We politely find a data cleaning work which calls itself alignment, see Reformatted Alignment [1]. [1] introduces a method called REALIGN that reformats existing instructional data to enhance its quality for better mathematical performance; the authors argue such reformatting is a kind of alignment.

The work utilizes data rephrasing to achieve the goal of 'alignment.' The differences between 'native alignment' and [1] in alignment are

  • [1] rephrased data at the Supervised Finetuning stage; this work (native alignment) rephrased data at the pre-training stage;
  • [1] is more like a format alignment while native alignment additionally emphasize value alignment in the sense of reducing harmfulness and biases in data.

[1] Fan, R.Z., Li, X., Zou, H., Li, J., He, S., Chern, E., Hu, J. and Liu, P., 2024. Reformatted alignment. arXiv preprint arXiv:2402.12219.

We sincerely hope that you can consider re-evaluating it.

审稿意见
7

This paper proposes a data augmentation pipeline which modifies the pre training data for large language models in key aspects such as formatting, values, content moderation and knowledge preservation. The resulting pipeline, termed native alignment, is applied Arabic LLMs due to the relatively small pretraining corpus available and the difference between Arabic and western culture. Experiments are conducted to test the performance on a few metrics including trustworthiness, knowledge, and Arabic localisation.

优点

This is a well written paper targeting the important topic of llm alignment. It also addresses the relatively under explored sub question of how to improve alignment at pretraining. The resulting pipeline presents a reasonable idea, and the evaluations are clear and I find them comprehensive too. The author(s) should also be commended for their transparency regarding the limitations of the paper.

缺点

Although this might have become the norm of recent LLM papers, I still think it is important to include a discussion of the metrics used to measure things like 'trustworthiness' and 'knowledge', as these are qualitative metrics, whereas in the paper, it seems like the authors just quoted some existing evaluation pipeline.

问题

Step 3 of the pipeline talks about training language models to act in place of the human experts. I may have missed this but I think the authors should explicate how exactly this is done in the experiment section - are the authors using already pre trained LLMs to finetune as experts? How would we know that these are aligned themselves? If we cannot trust the LLM experts and must resort to human experts, then it's unclear to me how this method should scale up.

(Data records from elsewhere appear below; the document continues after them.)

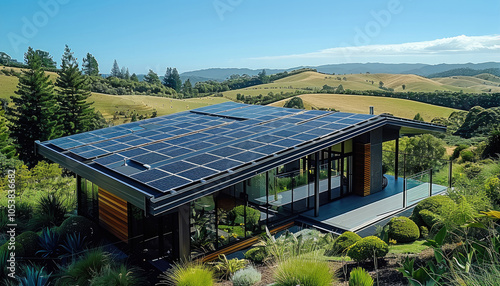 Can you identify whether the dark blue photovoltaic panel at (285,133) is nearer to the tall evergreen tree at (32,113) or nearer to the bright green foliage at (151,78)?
the tall evergreen tree at (32,113)

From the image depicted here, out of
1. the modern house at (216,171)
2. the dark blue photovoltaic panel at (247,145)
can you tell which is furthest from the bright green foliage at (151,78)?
the dark blue photovoltaic panel at (247,145)

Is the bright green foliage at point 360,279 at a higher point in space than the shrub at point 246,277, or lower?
higher

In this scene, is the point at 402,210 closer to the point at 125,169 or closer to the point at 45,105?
the point at 125,169

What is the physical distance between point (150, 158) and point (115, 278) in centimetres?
388

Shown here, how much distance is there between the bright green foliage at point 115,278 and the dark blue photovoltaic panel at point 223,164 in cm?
323

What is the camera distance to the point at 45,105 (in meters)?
34.9

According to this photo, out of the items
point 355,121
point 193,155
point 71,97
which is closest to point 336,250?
point 193,155

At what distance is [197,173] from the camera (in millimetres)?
9898

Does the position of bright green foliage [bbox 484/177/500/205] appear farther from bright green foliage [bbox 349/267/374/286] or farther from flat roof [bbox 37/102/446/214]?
bright green foliage [bbox 349/267/374/286]

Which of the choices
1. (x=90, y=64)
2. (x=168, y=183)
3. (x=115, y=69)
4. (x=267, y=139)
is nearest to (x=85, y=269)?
(x=168, y=183)

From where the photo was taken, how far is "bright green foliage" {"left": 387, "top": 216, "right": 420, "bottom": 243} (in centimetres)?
1102

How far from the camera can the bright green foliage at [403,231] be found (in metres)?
11.0

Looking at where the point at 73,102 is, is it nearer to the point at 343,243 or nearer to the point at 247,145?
the point at 247,145

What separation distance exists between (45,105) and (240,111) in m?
24.1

In the experiment section the authors show that LLMs pertained on both the original pretraining data as well as native aligned data work better - how does one interpret this result? Since, if the original pretraining data contains harmful or value-misaligned data points, then it seems reasonable that the LLM does not learn from these at all.

局限性

As the authors are already open about, comparisons with other post alignment methods are not included. The authors attribute this to an absence of existing alignment evaluation benchmark, but I don't fully understand this - what is stopping the authors from using the same alignment benchmarks as ones they have already used to compare with other pretrained models?

作者回复

Question I: Scalability of Alignment LLM Expert

The alignment LLM expert is fine-tuned on pre-trained LLMs (Qwen-1.5-4B-Chat). To ensure the rewriting quality of the trained alignment LLM expert, we randomly sampled 50 data points from the pre-training corpus and processed them through the alignment LLM expert. One of the authors (native Arabic speakers) checked these rewritten texts to verify the quality. Additionally, we used GPT-4 to conduct a further extensive evaluation on the final rewritten text using the prompt shown below (Prompt to Evaluate Rewriting Quality).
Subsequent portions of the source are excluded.